[Foundation-l] [WikiEN-l] Accountability: bringing back a proposal I made nearly 2 years ago

Jeff V. Merkey jmerkey at wolfmountaingroup.com
Mon Mar 5 17:54:47 UTC 2007


Erik,

This is going to be nightmarish to police and run. Not to mention you 
have to have a
signed release from the person in order to obtain access to this level 
of personal information.

The whole controversy over Essjay will die down in time. Folks should 
stop and think
things through rather than reacting to the bad publicity. One reasonable 
step would be that any high ranking member
must submit accurate credentials before being appointed to an office of 
trust.

Let's be honest, if it were a low level editor or admin on the english 
wikipedia no one would have cared
or even noticed. It was because it was a high ranking member of the 
community who had been used for
press interviews.

One other solution is that only PR or spokepersons talk to the press, 
not just anyone.

Jeff

Erik Moeller wrote:

>On 3/5/07, Anthony <wikilegal at inbox.org> wrote:
>  
>
>>There are two parts to the suggestion: 1) marking some statements with
>>a "verified credentials" tag, and 2) a "policy of gentle (or firm)
>>discouragement for people to make claims like those that EssJay made,
>>unless they are willing to back them up".
>>    
>>
>
>I'm cross-posting this to wikipedia-l and foundation-l, because it may
>very well become a Foundation-level issue at some point.
>
>I would support the following:
>
>1) Any user can ask for his or her professional credentials to be verified.
>
>2) Making up professional credentials is prohibited, and may result in
>a ban. (This may or may not be covered by existing policy, but judging
>from the Essjay case, it is probably not sufficiently clear.) This is
>independent of whether or not the user asks for credentials to be
>verified.
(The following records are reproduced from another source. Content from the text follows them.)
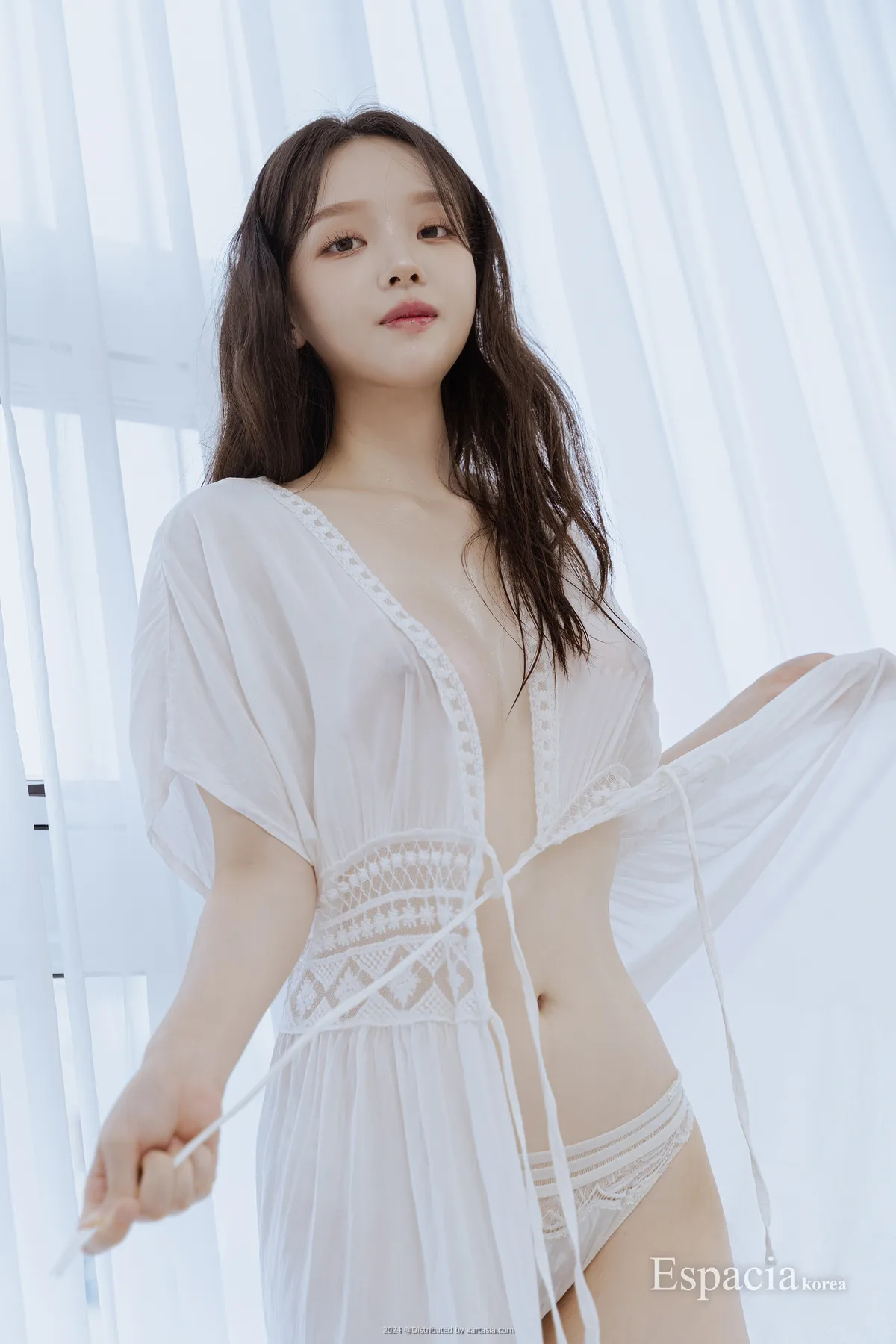 SOMIの写真 10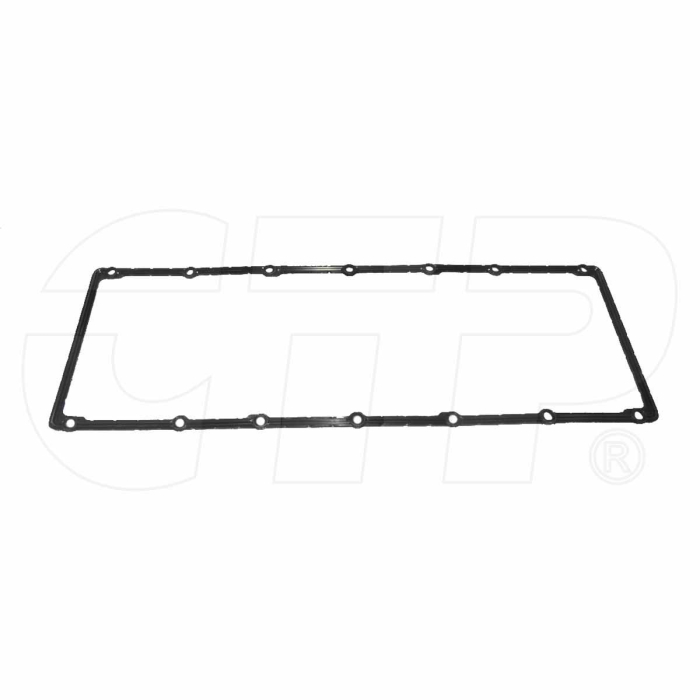 New CAT 2173673 Seal-Isolation Caterpillar Aftermarket for Caterpillar Equipment New CAT 2173673 Seal-Isolation Caterpillar Aftermarket for Caterpillar Equipment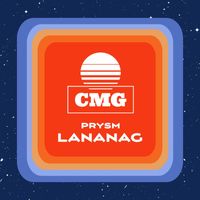 Prysm - Lananag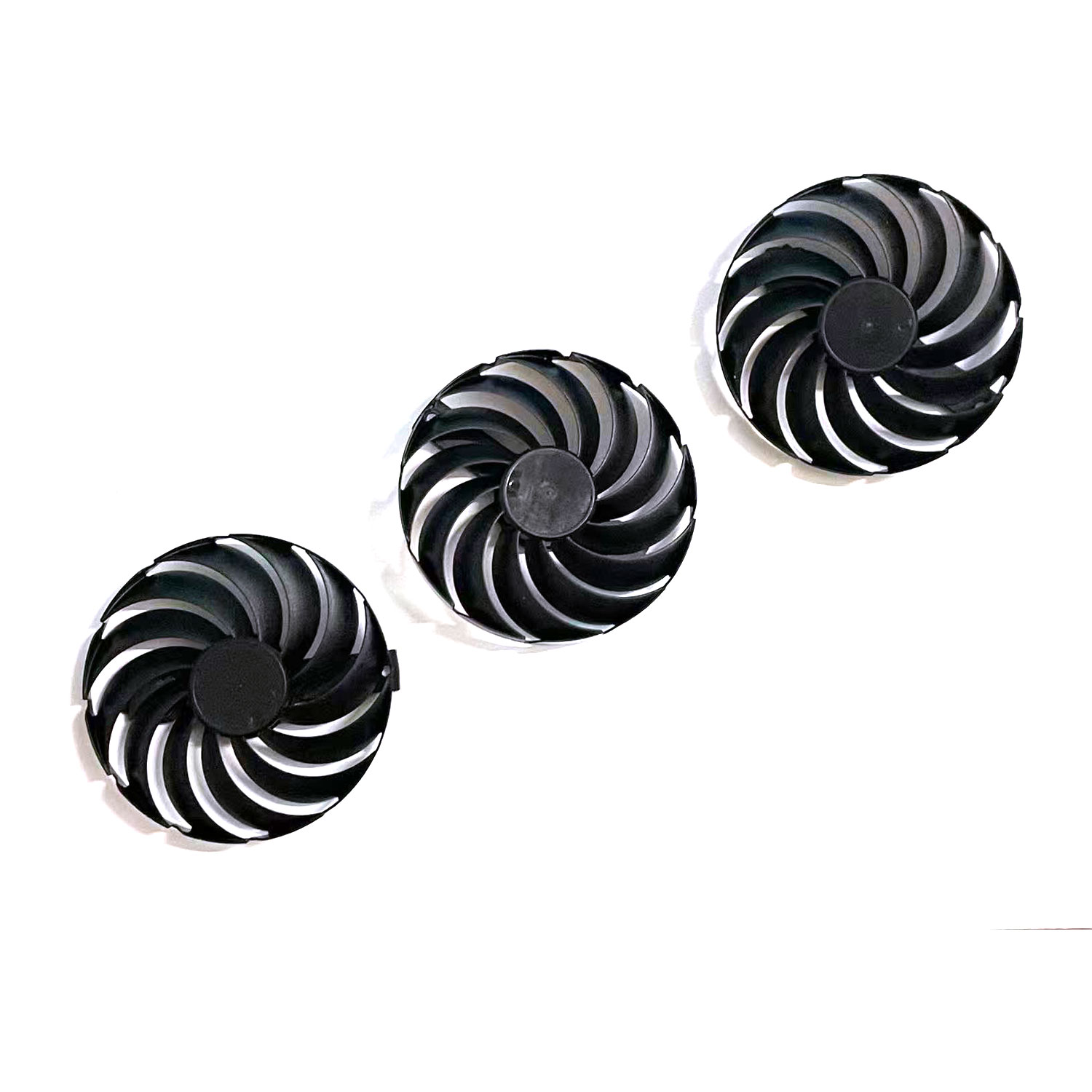 For Sapphire Toxic Radeon AMD  - Rx 6900 Xt 16Gb recension och pris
We may investigate claims that are dubious when they are
>pointed out to us.
>
>3) Any user trusted on admin level or higher who makes a statement of
>credentials on their user page must have them verified through a team
>of volunteers designated to this role by the Wikimedia Foundation (we
>may want to involve the chapters if this becomes international). The
>process of verification could be similar to what Citizendium uses,
>i.e.:
>a) have an existing, credentialed user vouch for the credentials to be
>correct based on personal knowledge,
>b) respond to an email associated with a reliable institution, and
>point us to a web page of that institution where their credentials are
>listed,
>c) point to someone associated with a reliable institution we can
>contact to verify the credentials.
>
>We may extend this to regular users if it proves to scale well.
>
>4) Users with verified credentials will get a little "Verified
>credentials on <date>" marker on their user page, nothing more. This
>marker would ideally be independent of the wikitext of the page, and
>set in the user table instead.
>
>I am opposed to any marker of edit contributions and such -- users who
>care about credentials can look them up, those who do not care should
>not be bothered by them in discussions or contributions.